Rose Molokoane picked up the microphone at the World Urban Forum in Kuala Lumpur in February, and challenged the room full of policymakers, practitioners and researchers.

“I’ve been a part of every World Urban Forum, and government is always talking about needing to work together better,” said the deputy president of the Shack/Slum Dwellers International. The audience, many of them from government themselves, sat up a little straighter.

We have heard leaders talk about trust, about integration, about inclusion, she continued. “Well, we don’t know who they’re talking about because they’re not talking to us.”

Going the Wrong Way

Molokoane is one of 881m people living in slums, without access to basic services like water, sanitation and housing. If current patterns of urban growth continue, we project that the number of slum dwellers will reach 1.2bn by 2050.
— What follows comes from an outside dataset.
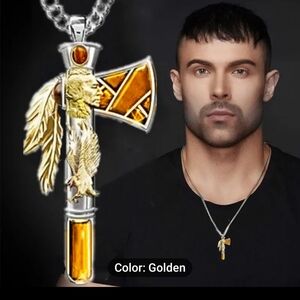 New Men's Golden warriors Hatchet Necklace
This is not the only worrying trend in cities. More than 70 per cent of carbon emissions from final energy use can be attributed to urban areas. As urban populations and economies grow, greenhouse gas emissions are rising steadily.

Cities are also becoming more sprawling: the amount of land being used for urban purposes is expected to triple between 2000 and 2050. This is leading to the loss of natural ecosystems and productive agricultural land. Sprawling cities are also less energy efficient, as residents have to spend more time travelling to reach jobs, services and amenities.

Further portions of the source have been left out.